══ Data provided

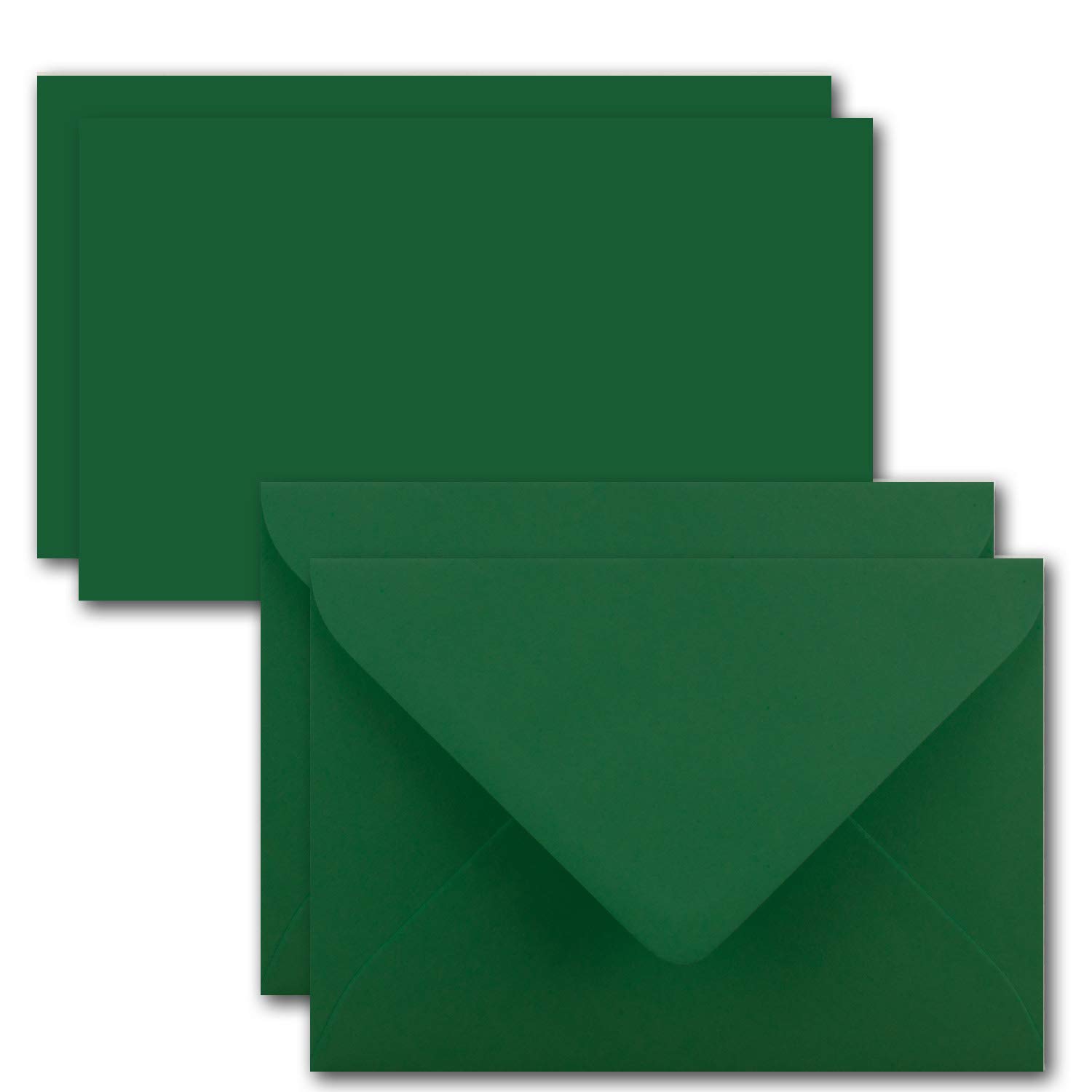 Set of 25 Cards with Envelopes, DIN A7 10.5 x 7.3 cm, Dark Green with Envelopes C7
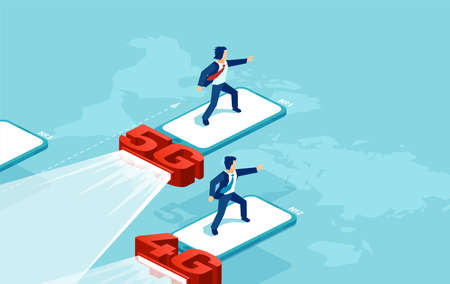 Isometric vector of a 5G network system and internet competing with 4G. Modern fast speed wireless technology conceptのイラスト素材
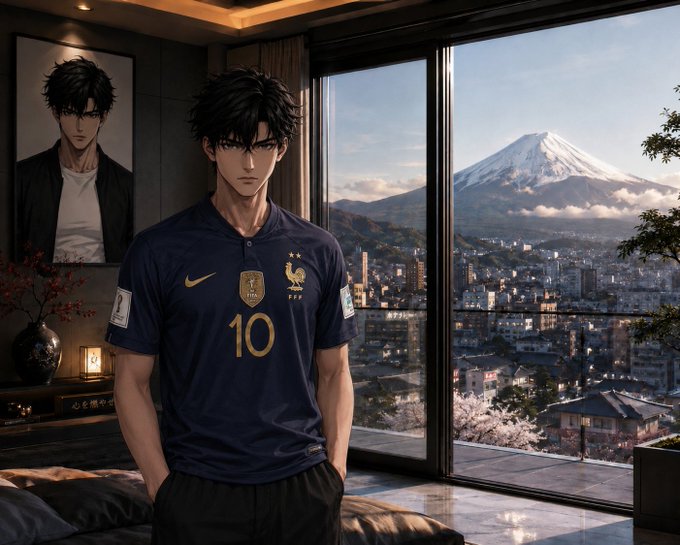Anime-style illustration of a young man with messy dark hair wearing a France national team jersey with the number 10, standing in a modern room with a large window overlooking a city and Mount Fuji.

════

Copy every line above exactly, leaving no picture in the copy.

— Written response —
 Set of 25 Cards with Envelopes, DIN A7 10.5 x 7.3 cm, Dark Green with Envelopes C7
 Isometric vector of a 5G network system and internet competing with 4G. Modern fast speed wireless technology conceptのイラスト素材
Anime-style illustration of a young man with messy dark hair wearing a France national team jersey with the number 10, standing in a modern room with a large window overlooking a city and Mount Fuji.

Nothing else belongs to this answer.